1. Qwen3.5 Model Family Overview
Released mid-February 2026 (medium/large) and March 2, 2026 (small), licensed Apache 2.0. All models share the Gated DeltaNet hybrid architecture: a 3:1 ratio of linear attention (Gated DeltaNet) to full softmax attention blocks. Native 262K context window, extensible to 1,010,000 tokens via YaRN scaling. Supports 201 languages. Native multimodal (vision+language). Thinking/non-thinking hybrid mode.
| Model | Type | Total Params | Active Params | Architecture |
|---|---|---|---|---|
| Qwen3.5-397B-A17B | MoE | 397B | 17B | 256 experts, 8 routed + 1 shared |
| Qwen3.5-122B-A10B | MoE | 122B | 10B | 256 experts, 8 routed + 1 shared |
| Qwen3.5-35B-A3B | MoE | 35B | 3B | 256 experts, 8 routed + 1 shared |
| Qwen3.5-27B | Dense | 27B | 27B | Full activation |
| Qwen3.5-9B | Dense | 9B | 9B | Gated DeltaNet hybrid |
| Qwen3.5-4B | Dense | 4B | 4B | Gated DeltaNet hybrid |
| Qwen3.5-2B | Dense | 2B | 2B | Gated DeltaNet hybrid |
| Qwen3.5-0.8B | Dense | 0.8B | 0.8B | Gated DeltaNet hybrid |
2. Qwen3.5-35B-A3B (MoE) -- Detailed Analysis
Architecture Specs
- Hidden dimension: 2048
- Token embedding: 248,320 (padded)
- Layers: 40
- Hidden layout: 10 x (3 x (Gated DeltaNet -> MoE) -> 1 x (Gated Attention -> MoE))

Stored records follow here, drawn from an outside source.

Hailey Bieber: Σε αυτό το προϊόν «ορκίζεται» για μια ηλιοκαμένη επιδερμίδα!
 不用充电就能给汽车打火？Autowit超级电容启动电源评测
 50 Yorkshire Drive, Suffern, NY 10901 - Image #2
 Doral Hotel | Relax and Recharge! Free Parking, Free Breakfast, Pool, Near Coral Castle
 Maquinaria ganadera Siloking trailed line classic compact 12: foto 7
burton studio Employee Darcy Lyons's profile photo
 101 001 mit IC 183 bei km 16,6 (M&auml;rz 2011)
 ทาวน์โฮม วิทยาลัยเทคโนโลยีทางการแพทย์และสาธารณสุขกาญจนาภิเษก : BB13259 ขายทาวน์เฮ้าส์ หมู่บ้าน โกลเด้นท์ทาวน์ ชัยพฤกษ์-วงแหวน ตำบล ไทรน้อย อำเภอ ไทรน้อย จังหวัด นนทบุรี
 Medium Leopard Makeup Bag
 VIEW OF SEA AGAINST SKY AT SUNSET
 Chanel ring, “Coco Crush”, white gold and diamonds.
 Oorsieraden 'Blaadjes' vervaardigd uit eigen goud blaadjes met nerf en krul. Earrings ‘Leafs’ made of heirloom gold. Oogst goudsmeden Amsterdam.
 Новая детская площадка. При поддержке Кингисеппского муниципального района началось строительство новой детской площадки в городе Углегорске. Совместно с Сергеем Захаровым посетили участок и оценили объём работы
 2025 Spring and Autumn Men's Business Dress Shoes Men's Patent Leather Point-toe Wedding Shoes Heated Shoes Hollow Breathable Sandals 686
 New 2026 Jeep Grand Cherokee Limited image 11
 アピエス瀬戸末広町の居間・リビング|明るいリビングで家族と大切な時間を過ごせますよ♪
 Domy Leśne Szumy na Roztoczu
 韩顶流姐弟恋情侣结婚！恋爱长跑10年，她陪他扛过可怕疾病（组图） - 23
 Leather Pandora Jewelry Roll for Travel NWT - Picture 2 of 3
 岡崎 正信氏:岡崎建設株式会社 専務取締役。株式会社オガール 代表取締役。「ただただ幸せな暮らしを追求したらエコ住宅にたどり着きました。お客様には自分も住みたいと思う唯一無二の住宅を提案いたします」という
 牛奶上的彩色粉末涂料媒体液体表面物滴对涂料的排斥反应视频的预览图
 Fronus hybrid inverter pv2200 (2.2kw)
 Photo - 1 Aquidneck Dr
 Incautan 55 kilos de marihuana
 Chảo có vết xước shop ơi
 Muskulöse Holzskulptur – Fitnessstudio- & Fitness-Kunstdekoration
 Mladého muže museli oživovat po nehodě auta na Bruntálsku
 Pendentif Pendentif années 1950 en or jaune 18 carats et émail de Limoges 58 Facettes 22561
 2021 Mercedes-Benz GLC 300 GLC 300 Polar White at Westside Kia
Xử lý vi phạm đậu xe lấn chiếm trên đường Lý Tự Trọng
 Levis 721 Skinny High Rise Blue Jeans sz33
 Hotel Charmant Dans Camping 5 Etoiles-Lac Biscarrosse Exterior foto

- MoE: 256 total experts, 8 routed + 1 shared active, expert intermediate dim 512
- Linear attention heads: 32 (V), 16 (QK), head dim 128
- Gated attention heads: 16 (Q), 2 (KV), head dim 256
- BF16 model size: 69.4 GB
GGUF Quantizations (Unsloth)
Source: unsloth/Qwen3.5-35B-A3B-GGUF Updated March 5, 2026 with improved imatrix data.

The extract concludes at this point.